Short text fragments from websites
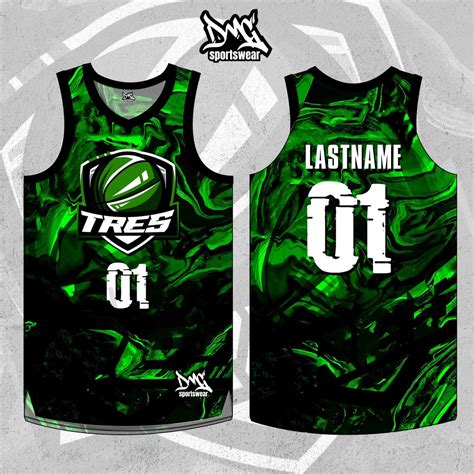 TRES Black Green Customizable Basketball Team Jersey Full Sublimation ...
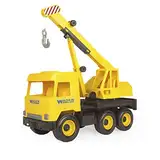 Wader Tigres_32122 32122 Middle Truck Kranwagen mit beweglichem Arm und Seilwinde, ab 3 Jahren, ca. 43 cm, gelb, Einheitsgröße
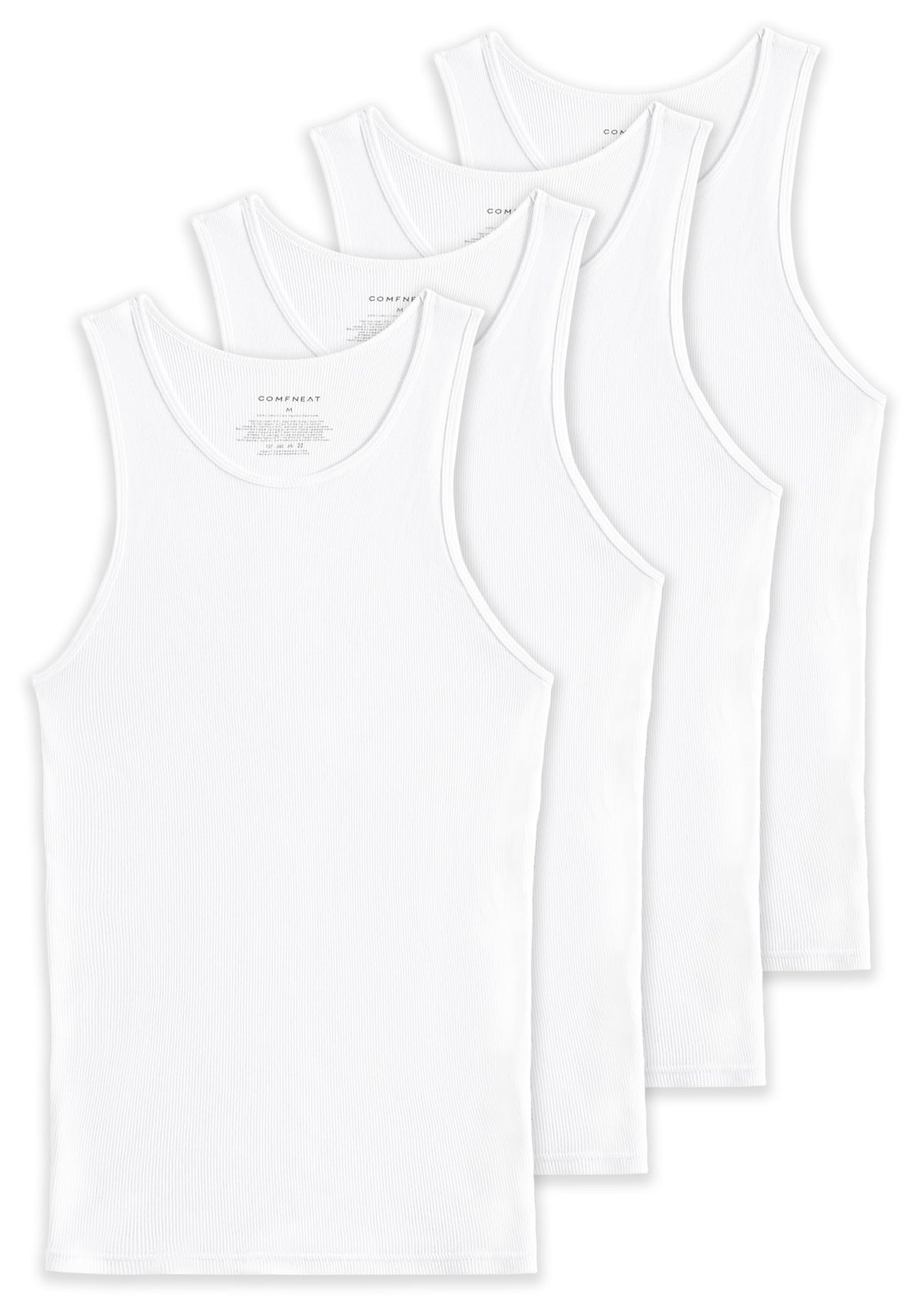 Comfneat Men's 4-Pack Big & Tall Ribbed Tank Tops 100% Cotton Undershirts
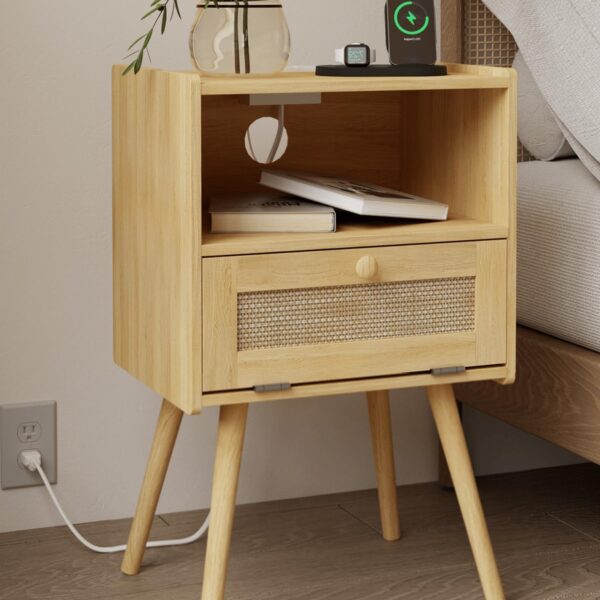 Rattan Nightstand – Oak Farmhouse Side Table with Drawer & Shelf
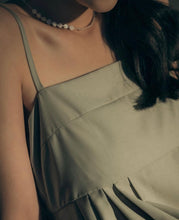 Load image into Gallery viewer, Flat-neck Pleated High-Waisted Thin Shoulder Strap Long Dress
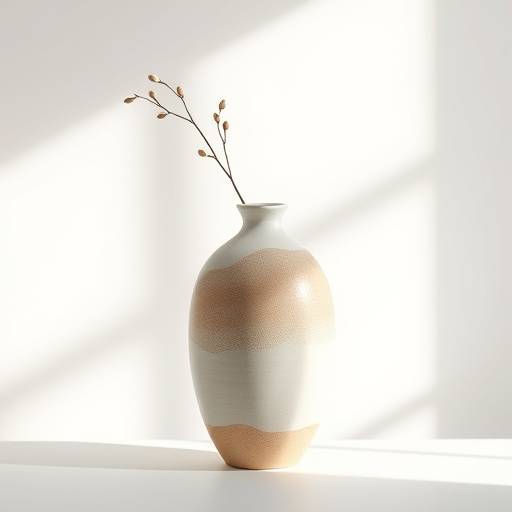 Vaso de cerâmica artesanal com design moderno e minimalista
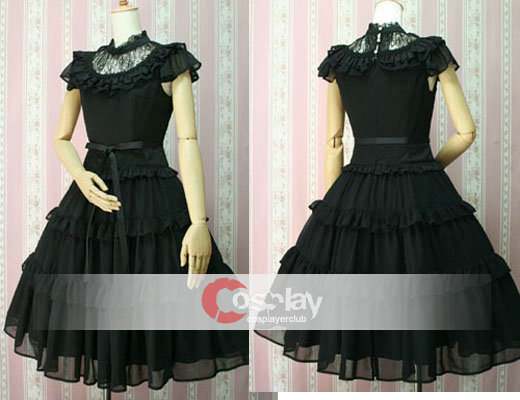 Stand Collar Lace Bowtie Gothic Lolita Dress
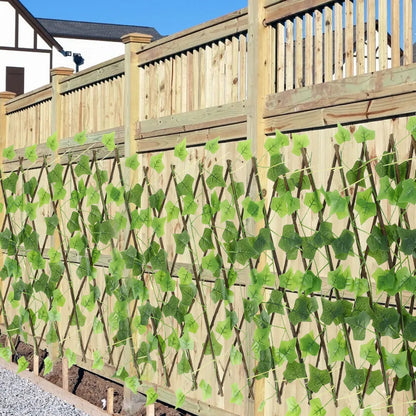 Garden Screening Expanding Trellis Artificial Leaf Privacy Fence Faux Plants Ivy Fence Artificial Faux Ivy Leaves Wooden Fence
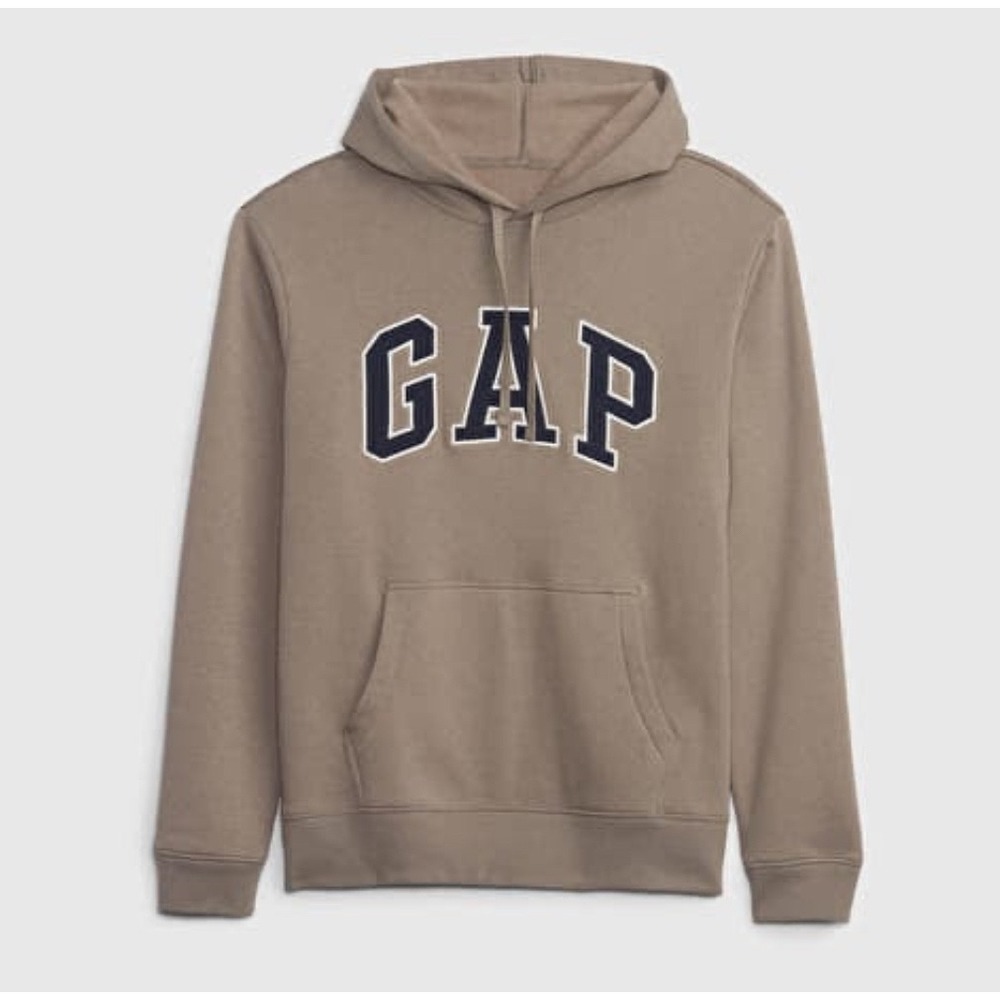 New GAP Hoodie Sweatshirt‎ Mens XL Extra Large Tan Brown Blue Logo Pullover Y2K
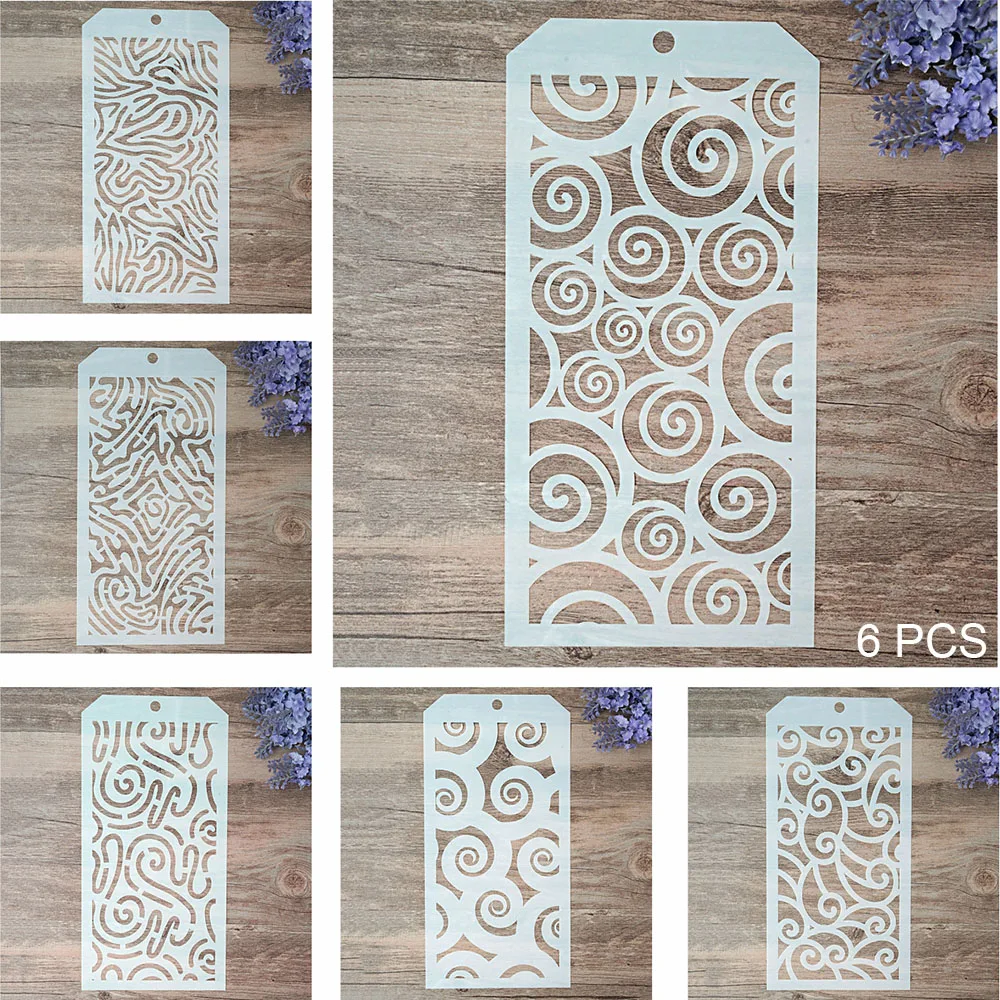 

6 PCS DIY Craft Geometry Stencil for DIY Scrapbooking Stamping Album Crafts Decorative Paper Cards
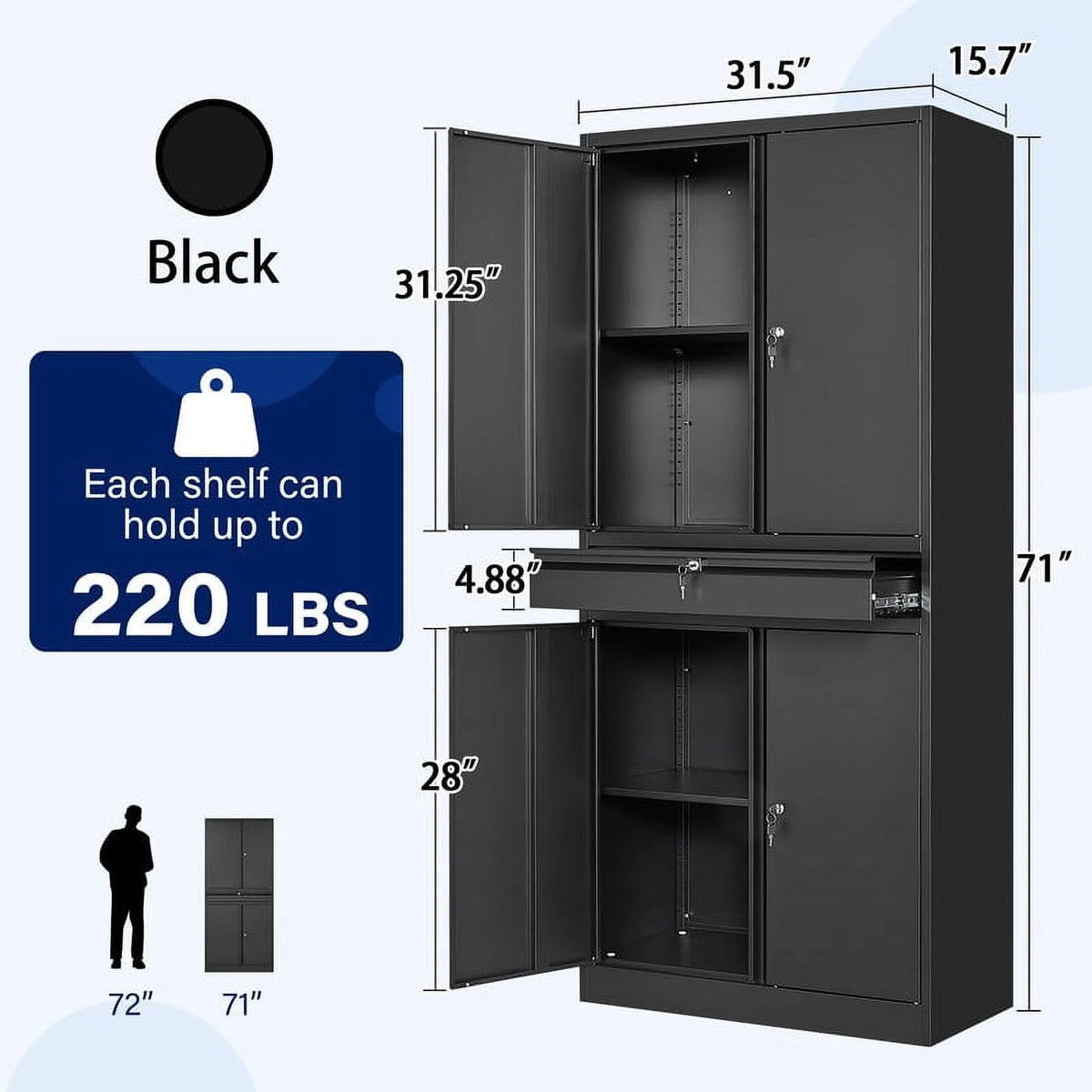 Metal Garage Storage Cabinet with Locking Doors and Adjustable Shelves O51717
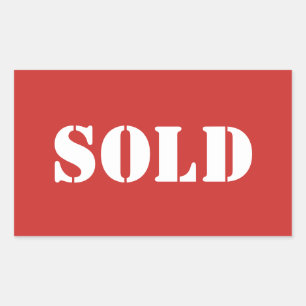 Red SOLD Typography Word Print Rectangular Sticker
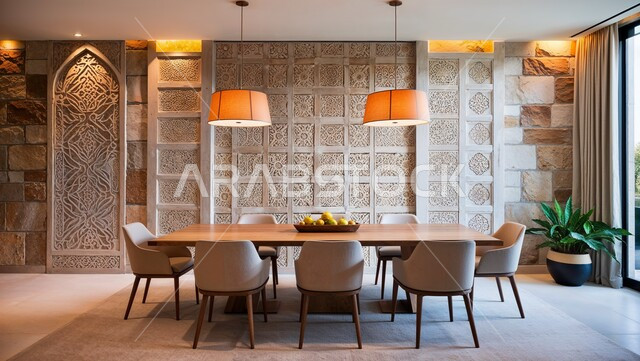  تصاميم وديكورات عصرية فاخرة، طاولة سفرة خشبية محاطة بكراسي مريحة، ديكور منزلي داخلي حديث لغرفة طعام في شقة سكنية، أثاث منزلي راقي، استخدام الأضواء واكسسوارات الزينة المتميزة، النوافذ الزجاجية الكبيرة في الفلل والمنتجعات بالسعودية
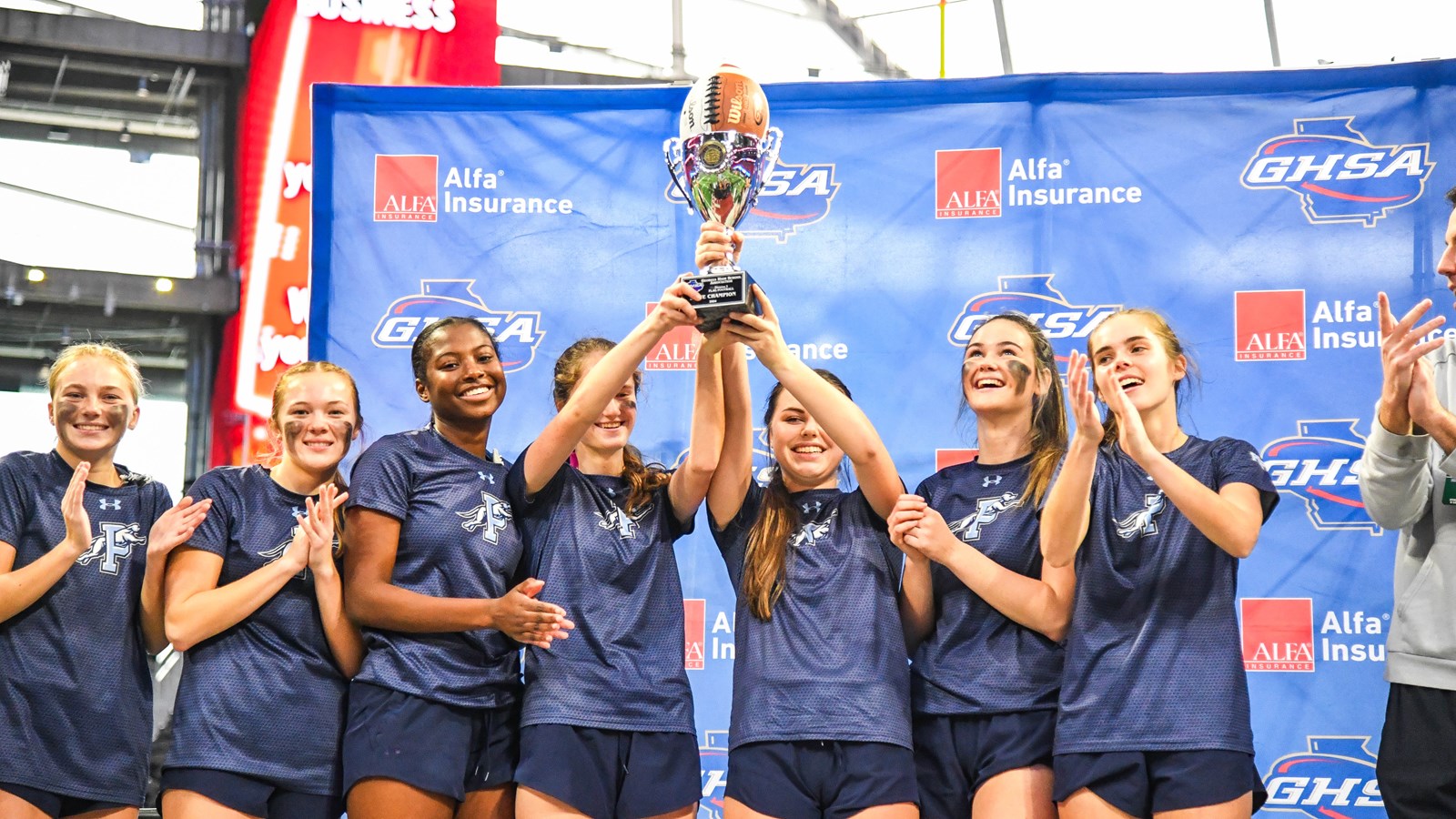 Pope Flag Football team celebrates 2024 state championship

■ TRY IT
In the records above, find the line containing "Vaso de cerâmica". Reproduce it and every line after it through the last line, omitting pictures.

■ WRITTEN ANSWER
 Vaso de cerâmica artesanal com design moderno e minimalista
 Stand Collar Lace Bowtie Gothic Lolita Dress
 Garden Screening Expanding Trellis Artificial Leaf Privacy Fence Faux Plants Ivy Fence Artificial Faux Ivy Leaves Wooden Fence
 New GAP Hoodie Sweatshirt‎ Mens XL Extra Large Tan Brown Blue Logo Pullover Y2K

6 PCS DIY Craft Geometry Stencil for DIY Scrapbooking Stamping Album Crafts Decorative Paper Cards
 Metal Garage Storage Cabinet with Locking Doors and Adjustable Shelves O51717
 Red SOLD Typography Word Print Rectangular Sticker
  تصاميم وديكورات عصرية فاخرة، طاولة سفرة خشبية محاطة بكراسي مريحة، ديكور منزلي داخلي حديث لغرفة طعام في شقة سكنية، أثاث منزلي راقي، استخدام الأضواء واكسسوارات الزينة المتميزة، النوافذ الزجاجية الكبيرة في الفلل والمنتجعات بالسعودية
 Pope Flag Football team celebrates 2024 state championship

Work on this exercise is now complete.